Sam froze. "You turn on your stomach."

"Are you kidding me?" Dean dragged his eyes from the curve of Sam's lower back and met his eyes. "Sam, get on your fucking stomach."

"No. What makes you think I'm going to bottom?"

"Because—" Dean broke off, glaring at him. "Because that's the way it is!"

"Fuck that. Why should I?"

"I'm older," Dean shot triumphantly.

"I'm taller."

"Only because of all that demon blood you drank. I mean, come on, you think your actions don't have consequences?"

"My actions?" Sam's eyes widened. "I'm not the one who went to Hell and broke the first seal." He gave Dean a shove and Dean shoved him back. In seconds they were wrestling around on the bed, each trying to force the other onto his stomach.

"You broke the last seal"

"You let Gadreel possess me!" Sam gave a hard thrust with his hips, and Dean suddenly stopped caring about either one of them turning over. He gripped Sam's shoulders and ground against him, drawing another moan from Sam which he answered with his own.
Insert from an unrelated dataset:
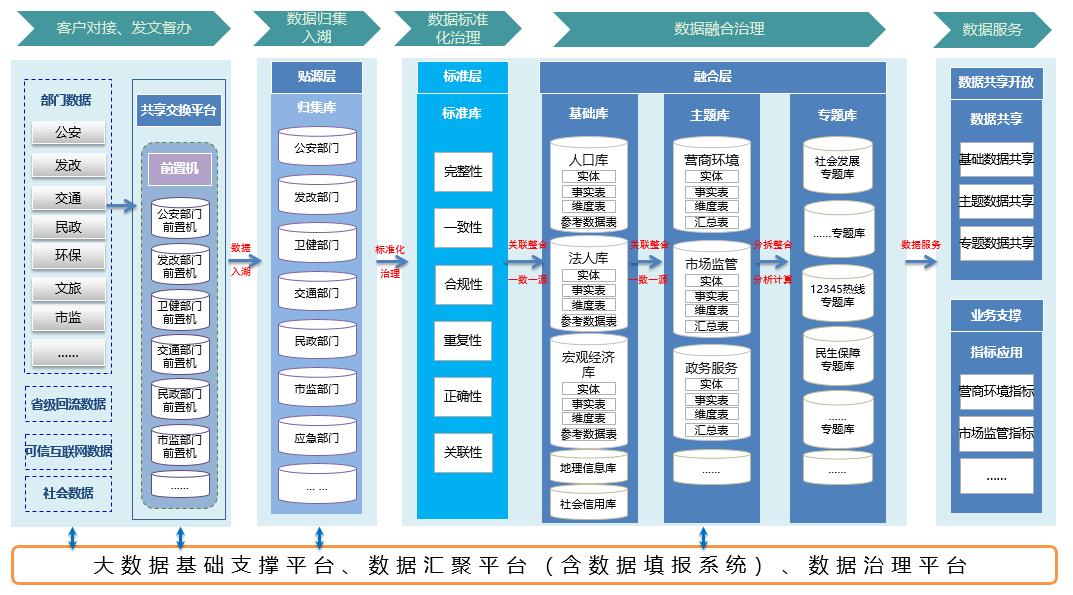 数字资产智能量化交易_数字资产的应用_探讨数字资产在城市发展中的应用：如何推动智能城市的建设与管理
They stopped wrestling and started writhing, thrusting against warm skin and hard muscle. Dean's fingers tangled in Sam's hair, and Sam's fingers left deeps scratches in Dean's shoulder.

"You let Lucifer possess you," Dean growled, aware that the closets were being flung open and all the things inside them were spilling out. He was exhilarated by the fact that it didn't seem to matter.
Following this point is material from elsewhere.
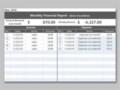 Monthly Financial Report Excel Template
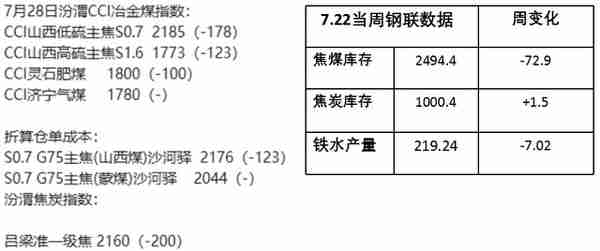 美联储加息落地，大宗商品迎来普涨？双焦盘面大爆发，创下新高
"Which one of us has the Mark of Cain?" Sam grunted with another hard thrust.

"At least I'm not a werewolf fucker."

"At least I was never a vampire."

"This from the guy who's afraid of clowns."

"Better than being afraid of airplanes!"

"Fuck!" Dean cried, losing the thread of the argument in the intensity of the sensations. He rubbed hard against Sam's solid stomach, muscles clenching throughout his whole body. A few more growling thrusts from his brother sent him over the edge and he came hard, sticky spurts of liquid spattering on their skin and pressing between them. Sam was right behind him, his fingers digging hard into Dean's back as he moaned in pleasure.

For a moment the two of them arched together, bodies straining to be impossibly closer, and then they finally collapsed, Sam's weight heavy on top of Dean, pressing him back into the mattress. They stayed there together for several long minutes, breathing hard as they came down from their high. Then Sam dropped his head into the crook of Dean's neck and breathed deeply before rolling off of him.

Dean stared at the ceiling, suddenly feeling awkward. Because . . . of what they were . . . and all this. But next to him, Sam was relaxed and content. Dean didn't even have to look at him to know it. He could feel it, the absence of the tension that had slowly been growing thicker for years. He decided that he preferred awkwardness to tension.

"So . . . what now?" he asked.

Sam leaned over the side of the bed and grabbed his T-shirt, wiping himself up with it and then tossing it to Dean. "Now you get over yourself and let me fuck your ass."

"Me? Hell no. You first."

"Why do I have to go first?"

"Because I called it," Dean said, and answered Sam's arched eyebrow with a wide grin.

"You called it? You can't call being on top."

"Sure I can. I call top! See?"

Sam narrowed his eyes. "You bottom first and I'll get you pie every day for a week."

Pie. Pie. That was tempting. And it wasn't like he was agreeing to be on bottom forever. Just the first time.

"What kind of pie?"

"Whatever kind you want."


"Whatever you want."

Dean tried not to smile. Because Sam was staying, Sam wanted him, and pie. All he wanted to do was smile, but he would lose his edge if he gave away how happy he was.

"Two weeks, and we don't eat at any of those pansy-ass organic soy wheatgrass places for a month."

Sam smirked. "Deal. Bitch."

Dean threw his shirt back at him. "Whatever." He pushed himself off of the bed and started searching through the clothes on the floor for his underwear. "We need to get back to work. There might be a trio of sirens in town, and I'm pretty sure the Impala is possessed."